福岡県では、那珂川町において、町長選挙が8月14日に告示され、19日に投開票が行なわれる。今回は現職対新人の一騎打ちになる公算が高く、同選挙においても既得権対非既得権の構図と言える。
那珂川町は福岡市のベッドタウンとして急速に人口が増加し、現在、人口は約5万人、約1万9,000世帯が暮らしている。そのうち町外からの転入者が8割を占めている。また、高齢化率が16.8%と福岡県内でも4番目に低く、とくに都市部では若い世代が多い。その一方で、古い住宅団地や中山間地域では高齢化率が30%を超えるところも多く、地域の課題は様々だ。このようななか、現時点で立候補を表明しているのは現職の武末茂喜(たけすえ しげき)氏(59)と、町議会議員で新人の森田俊文(もりた としふみ)氏(48)だ。
武末氏は地元那珂川町出身で元町役場職員。現職の強みを生かし後援会組織を固めている。1期目において、県内の他の自治体に先駆けて全小中学校全教室にエアコンの設置を決めたのが実績のひとつ。2期目では「住民が主役のまちづくり」を掲げ、住民参画の手法を取りながらまちづくりを目指している。
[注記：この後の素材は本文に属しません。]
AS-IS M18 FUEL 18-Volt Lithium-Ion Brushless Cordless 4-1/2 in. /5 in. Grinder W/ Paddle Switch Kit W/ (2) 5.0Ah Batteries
対する新人の森田氏は佐賀県出身、町外からの転入者だ。森田氏は、あえて後援会を組織しないといった従来型の選挙と一線を画した手法で挑む。後援会名簿を集めることも一切せず、ねらうのは浮動票の獲得だ。
これまで町議として、「節電の流れに逆行している」と、一貫して小中学校エアコン設置に反対を唱えてきた森田氏は、「教育とまちづくりのモデルシティ」を実現するための政策を訴えている。
はたして、那珂川町の有権者はどちらにこの町の未来を託すのか――。